Julia calló. Nunca se había atrevido a preguntar a Luciano por el congreso decisivo, por el momento, muchos años atrás, en que el partido socialista pudo haber mantenido la voluntad de transformar. El rehuía el tema, lo había visto en diferentes situaciones, pero esta vez necesitaba su versión:

—Háblame de aquel congreso, Luciano. —Dijo y le miró a los ojos, sin dureza pero sin parpadear, mucho tiempo.

Luciano suspiró.

—¿El congreso extraordinario, cuando Felipe González, y el partido con él, abandonó el marxismo?

—No, el anterior, el 28.° Congreso. Cuando ganasteis.

—Supongo que no vas a contárselo a tu intruso.

—Por favor…

—Todos quieren que les hable de eso, olvidan que yo sigo en el partido, y en el sindicato. Nunca me fui. —El rostro alargado de Luciano salió de la sombra.

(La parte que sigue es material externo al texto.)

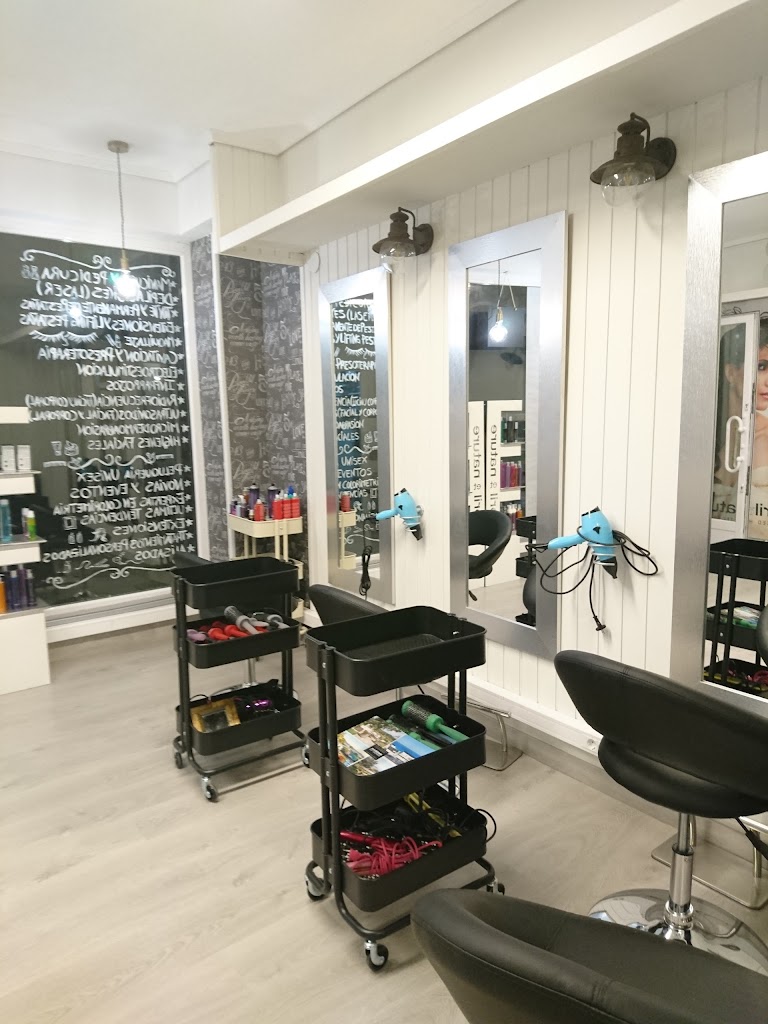 Salon Z y B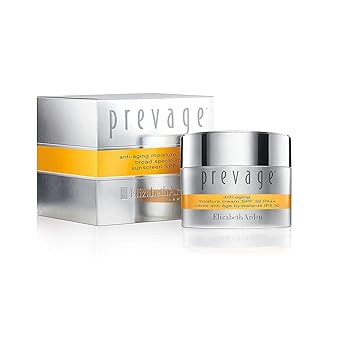 prevage day cream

—Que yo no tenga el carnet del partido no me impide entender tu sentido de la lealtad. Mira dónde estoy Nosotros lo hicimos, lo bueno y lo malo. Nos manchamos las manos. Nunca pretenderé que es posible estar dentro y fuera al mismo tiempo.

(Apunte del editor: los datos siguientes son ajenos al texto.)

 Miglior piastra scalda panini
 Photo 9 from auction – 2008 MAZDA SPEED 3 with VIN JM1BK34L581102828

—Pero si no hay nada que contar. Dices que ganamos: «Otra victoria como esta y volveré solo a Epiro», cuánto nos recordaron esa frase. La nuestra fue la victoria más pírrica que se conoce tras la del propio rey Pirro. ¿Qué más da que ganásemos con el sesenta y dos por ciento si los mismos que habían votado el mantenimiento de nuestra línea política aclamaron después a Felipe, que se marchaba por estar en desacuerdo con ella?

—Pudisteis haber presentado otra candidatura. No me refiero al congreso extraordinario que siguió sino a ese, aunque Felipe se hubiera ido.

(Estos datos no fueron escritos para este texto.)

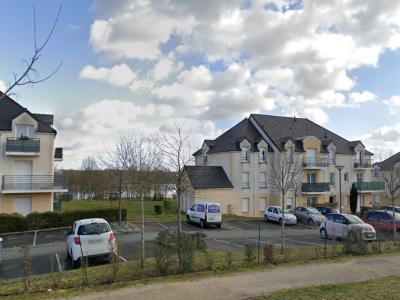 Vente Appartement 2 pices BOURGES 18000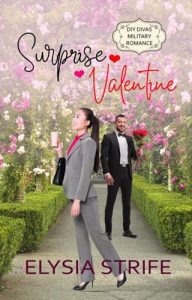 surprise valentine, elysia strife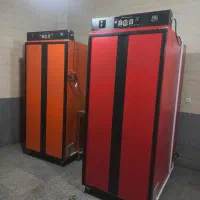 دستگاه میوه سبزی خشک کن درحدخشک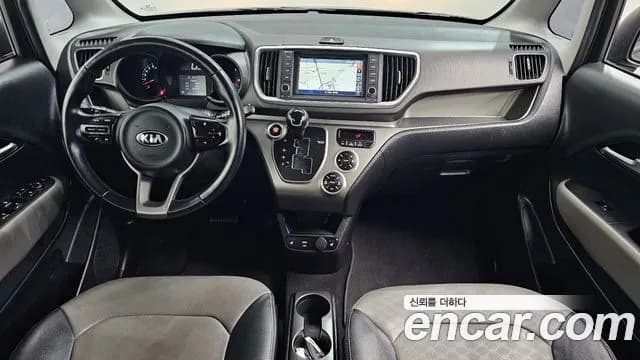 2021 Kia The New Ray Prestige Sold VIN KNACJ811BMT242549 – dashboard 2021 Kia The New Ray Prestige Sold VIN KNACJ811BMT242549 – dashboard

—Recuerda que se fue entre las lágrimas de quienes habían criticado su exceso de moderación y su aparente giro a la socialdemocracia. Hubo mucha lágrima en aquel congreso.

—El hecho es que no la presentasteis. Yo creo que habríais ganado.

—Alfonso Guerra había dado la consigna de la abstención a un buen número de delegados si se nos ocurría hacerlo. Habríamos obtenido, todo lo más, un respaldo del treinta por ciento, y así no se puede formar una ejecutiva.

—Sin embargo, la comisión gestora que quedó encargada de organizar el congreso extraordinario no era imparcial. Su labor fue decisiva. Yo no debería decir esto, aunque al fin y al cabo, ya es algo sabido. Con otra comisión gestora, los delegados y los votos se habrían repartido de distinta manera.

—Había pocas probabilidades.

—No creo que fuera por eso. —Dijo Julia—. Teníais que responder ante los cien mil militantes, estaban las presiones externas, los fondos, los ataques desde
El País
. Os esperaba un fracaso estrepitoso, el desmembramiento del partido, el desastre. Pero no llegasteis a intentarlo. Si os hubierais lanzado…

—… por el desbarrancadero. Quizá. Durante los primeros años sí lo pensé hace tiempo que lo he olvidado.

Luciano miró a la vicepresidenta y luego sus ojos se alejaron, tranquilos, más allá de las murallas de libros que les rodeaban. La vicepresidenta pensaba en un manifiesto que le había enviado su sobrino Max:

«Somos los hijos del electrón. Nuestro tiempo no se mide en días ni horas sino en los inalcanzables destellos de la luz. (…) Podéis comprar voluntades, influencias, favores y prebendas pero nosotros os seguiremos siendo esquivos. Y cuando menos lo esperéis… ya estaremos dentro». Poder ser ligera y volátil como un electrón.

—No te he dicho la verdad. —Dijo Luciano—. Han pasado treinta años y lo pienso todos los días. Si hubiéramos seguido adelante… Nos replegamos. Desde entonces seguimos replegados.

—También el PCE se replegó, eran tiempos confusos. Sin embargo, ahora…

—¿Ahora? Ahora no queda nada.

La vicepresidenta no contestó. Tal vez quería creerlo. El día a día, cumplir con él. ¿No es mucho, no es todo? Si desplegara sobre una pizarra lo que ella y su equipo hacían en una semana quedaría abrumadoramente cubierta por asuntos que habían afrontado. Nadie podría reprocharles un instante de dejadez. Pero a veces veo mi propia historia y creo, con violenta ingenuidad, con desesperación y con una energía que ni siquiera sé si me pertenece, creo que no soy narrada, que podría tomar impulso y dar comienzo a algo no previsto.